Thank you very much for reviewing our manuscript and giving meaningful advices. Our corresponding responses are listed point by point as follows.

1. In abstract second sentence concerning carbon dots properties should be shortened.

Author Response: Thank you for your suggestion, we have shortened the corresponding sentence in the revised manuscript.

2. The abbreviation (QY) presented at Figure 1. should be expanded. Authors explain it at page 10 line 292, but (QY) should be also expanded at Figure 1.

Author Response: Thank you for your kind reminding, the abbreviation (QY) in Figure 1 has been explained in the revised manuscript (marked in red).

3. Please correct the font in word “organic” see line page 2, line 63.

Author Response: Thank you for your suggestion, the word “organic” has been corrected in the revised paper, please see page 2, line 64.

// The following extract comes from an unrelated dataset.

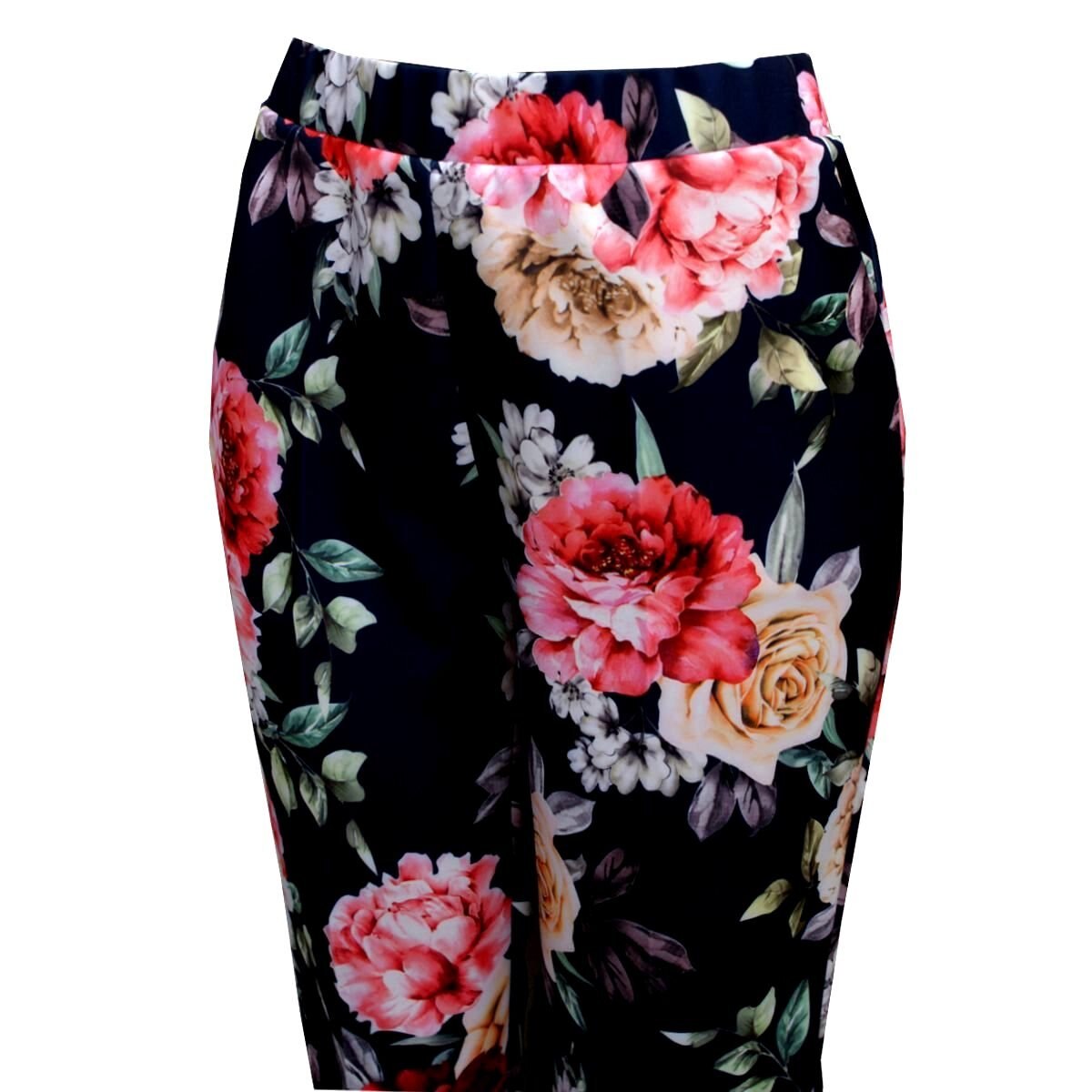 Pantalon con Estampado de Flores Connie Klein para Dama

4. The brackets in the (Figure 3(a) and (Figure 3(a) are not closed, or it is too much brackets see page 3, lines 88 and 90. The same situation occur in (Figure 4(a) see page 4, lines 125, (Figure 4(b) see page 4, lines 128, (Figure 5(a) see page 6, lines 157, (Figure 5(b) see page 6, lines 160, (Figure 5(a) see page 8, lines 195, (Figure 5(b) see page 8, lines 197 (Figure 14(a) see page 15, lines 436, please correct it

Author Response: Thank you for your suggestion, the unclosed brackets have been completed in the revised manuscript.

5. The abbreviation GSH should be expanded see page 6, line 157.

Author Response: Thank you for your suggestion, the abbreviation GSH has been replaced by glutathione, please see page 6, line 184.

6. Figures: 3, 4, 5 and 7 are very low quality, if it is possible please correct it. Some words, inscriptions, chemical formulas as well as pictures are not legible.

Author Response:

Thank you for this helpful suggestion. In the revised manuscript, the quality of these figures, especially the words, inscriptions, and chemical formulas in these figures, have been improved.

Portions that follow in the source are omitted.